I like scores. Sorta. Sometimes I don't too.
Like the text to which they're attached, scores mean a lot of different things and all behave differently depending on the context they're put in. Objectively, the number four isn't a lot - the average hand has more fingers - but when talking about the number of cars one owns, the number "four" takes a different context. Four ceases to be a little, and instead becomes a lot. Or, if we're referring to the number of dollars in one's bank account, four isn't much. I've always seen scores that way. They can mean big things, or little things, depending on who and how you ask.
Which is why I find that scores aren't really as bad as the people who misuse them. Those who load up Metacritic or OpenCritic and say "Game averages at 74, so it sucks. Case closed." are the people misusing numbers. They're the sort who read a headline and then hit the comments section. They're the ones who will take half of a concern and turn it into a whole problem. Such an approach is silly to me when recontextualized. Imagine a sign in front of a charity that reads "Want free quarters? Check inside!" Inside are people giving away envelopes with a quarter of a million dollars each. Someone pokes their head in, "How many quarters?" The tellers respond, "Four each." Four quarters of a million. Free quarters. The someone goes, "Pft, that's hardly worth it. Nah." and wanders off.
I mean, granted, this example is extreme, but it's letting someone who makes quick and dirty assumptions about something be the deciding factor on if that something has value. It's such a strange outlook, because scores can say a lot of somethings about an experience, but only if accompanied by context. I'd agree if game reviews were to omit text and exclusively become one-paragraph notes attached to numbered scores, but they aren't. There are still long, wonderful examples of the written criticism attached to these things people terribly misuse. We just only pay attention to the misuse.
I personally use scores when I'm going over a game. If I'm looking into something, I'll start off by popping on OpenCritic, and clicking the highest and lowest scores' reviews, and one somewhere in the middle. I'll read each, make some sense of why the score landed where it did, and between the three pieces, I'll usually gain an understanding of not just what the game was doing, but how well it got there, and if it was worth doing. Having those numbers to give me a quick idea of who to look at if I'm trying to get an abbreviated picture helps me identify more dynamic takes on a game's value, and although the numbers don't mean anything by themselves, they do help me find wider opinions in fewer reviews.
However, I definitely agree that scores are really counter-intuitive sometimes. The Dragon, Cancer is one of the most fascinating games I played this year, it's a wonderful experience that genuinely deserves consideration, contemplation, and I truly believe that everyone should play it. I also scored it a 3 out of 5 [http://www.escapistmagazine.com/articles/view/video-games/editorials/reviews/15259-That-Dragon-Cancer-Review], the lowest score on OpenCritic [http://opencritic.com/game/2126/that-dragon-cancer?tab=1]. And I stand behind that score. As a game, That Dragon, Cancer is jumbled, artful without significant mastery, and sometimes a little bit too inaccessible to really translate as a game everyone should play. But I will fully tell everyone I meet that it's a game everyone should play. It's an amazing experience, and has changed the connotation of "pancakes" forever, but it's certainly not a great game. Well, almost certainly. It's also a great game.

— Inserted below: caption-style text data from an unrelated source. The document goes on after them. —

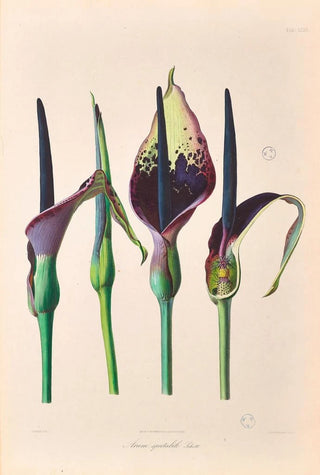 Heinrich Wilhelm Schott - Icones Aroidearum Pl32.webp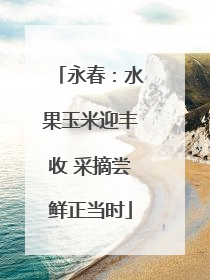 永春：水果玉米迎丰收 采摘尝鲜正当时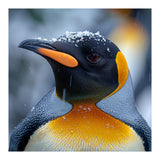 King Penguin In Falling Snow (Print Only) thumbnail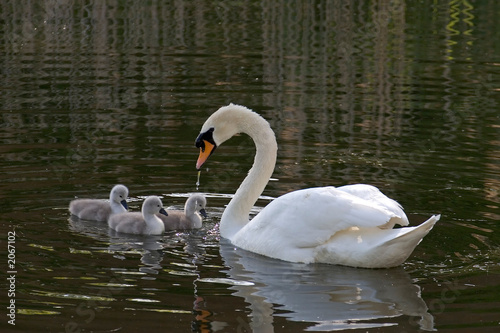 swan with cygnets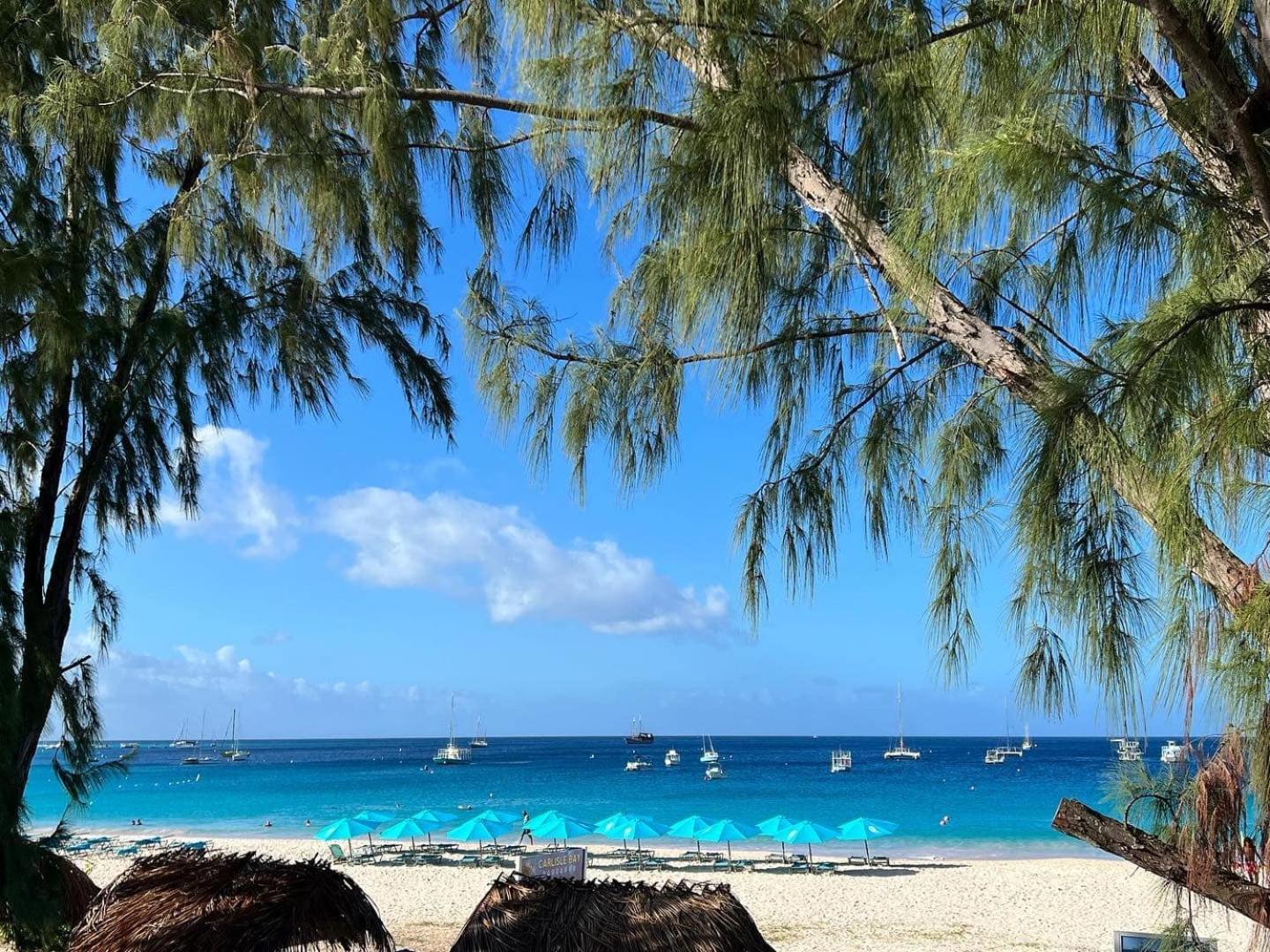 Eden On The Sea Hotell Bridgetown Eksteriør bilde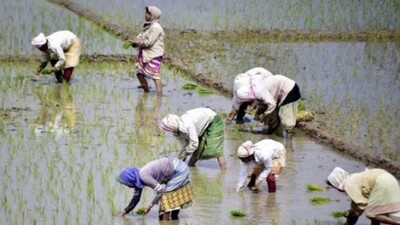 Odisha CM Releases Rs 742 Crore Assistance To Farmers Under KALIA Scheme On Nuakhai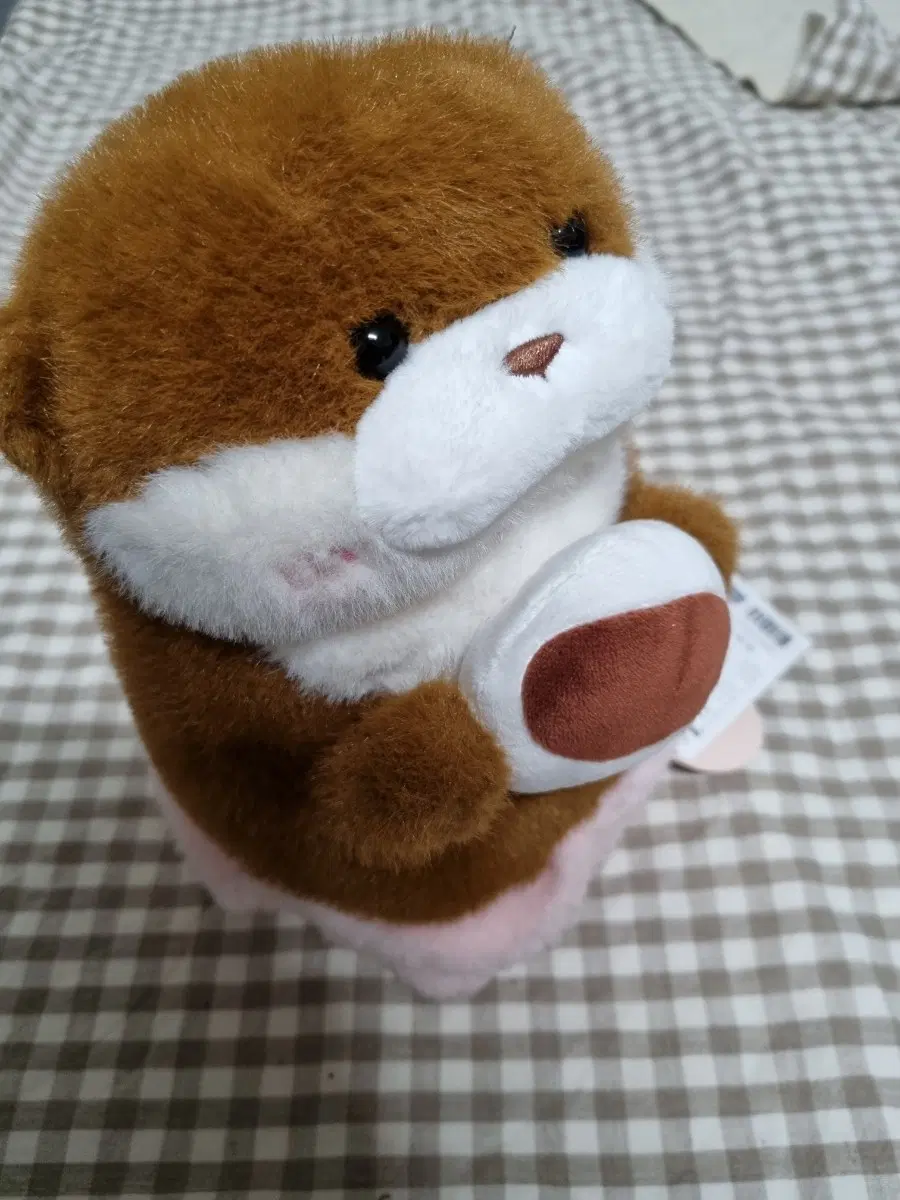 우소우소짱 갈색 수달 인형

It's a hard thing to pin down.
As they're really understood, scores and aggregate sites aren't communicating the way they're meant to. Review standards mean that a huge divide of things can determine why a score falls the way it does. Taken as a huge picture, scores might tell us a bit more about critics anthropologically. Particularly when we look at the average scores of games like Grand Theft Auto III (97 [http://www.metacritic.com/game/playstation-2/grand-theft-auto-iii]) and Grand Theft Auto - San Andreas (93 [http://www.metacritic.com/game/playstation-2/grand-theft-auto-san-andreas]), and seeing how changes over time can adjust expectations from a game. But at a fixed point in time, just trying to assign one game an average value based on numbered scores form a variety of guidelines, is pretty silly. Scores fail that metric.
I still believe scores do something. They summarize in the same way words grunts and sounds like "Eh" and "Bleh" and "mmhm" do, and whose values are about as oblique without sticking around to see how these vocalizations are rationalized. For me, a score of 4 and 10 are both profoundly useful, but only when accompanied by the texts to which they're attached. Without text, the numbers are meaningless, but with text, the numbers can be meaningful, and that alone gives scores value.